In fact, in recent years many of these sites have added features to stop things like this happening and to reduce the amount of spam that you get, if any, and the ability to moderate your own comments etc.
Concerning spam- it happens, you can’t really get away from that, but on these sites there has been a great deal of time reducing the amount you receive. These days there’s much less than there was- and if you feel like someone is spamming you can simply remove them. If you find someone is eating up your Twitter feed with a continual pointless/uninteresting update then you can simply ignore that by not following them anymore.
Despite what some people will tell you, the internet is not a place where spam is as common as it used to be and it’s actually quite pleasant.

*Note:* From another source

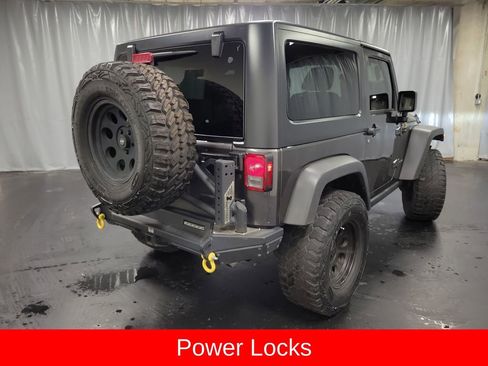 Used 2018 Jeep Wrangler Rubicon w/ Power Convenience Group image 9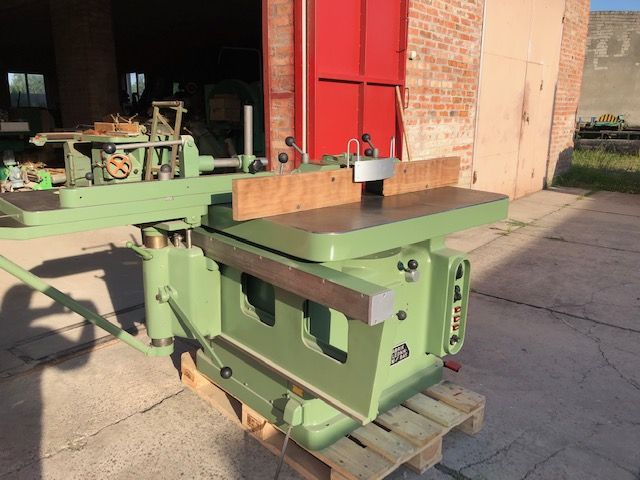 Станок вертикально-фрезерний з шипорізною кареткою фірми Hofmann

Concerning the numbers game- we all experience some people, sometimes, that just want to have as many friends as possible even if they don’t physically know them but again there’s a few ways to stop this happening. Privacy controls, for one. Blocking/reporting the user in question or taking them off of your list, for another.
Concerning privacy- there’s a lot of horror stories about ID theft on the internet and there’s even more stories about how someone found out something, from a page, on the internet, they were browsing. This is why privacy controls were invented!
Most, if not all, sites have these controls now and they can practically make you invisible for all intents and purposes. For example, on Facebook you can list yourself as omitted from the search. Even if they search for you by name, school, friends, interests or anything else they know about you- they’ll never find you.
Equally, you can set all of your updates to “Friends Only” meaning only those you’ve accepted requests from, or sent to, can see your updates. Although, setting yourself as nigh on impossible to find would be a bad idea for the purposes of networking but you can set your profile information to “Friends Only”. That way, people can still search you but they can’t read your
information unless you say they can.
Above all things, be sensible! They can’t take what isn’t there and if you don’t list everything about yourself from shoe size to last dental check up- they can’t see it.
Thereby the greatest lesson is to be ever vigilant with what you share, so that you share enough that people can find you but you’re not leaking inside information with people not privileged to view it.
Thank you for reading- as always!
We hope this has been an insightful look into social media and online networking.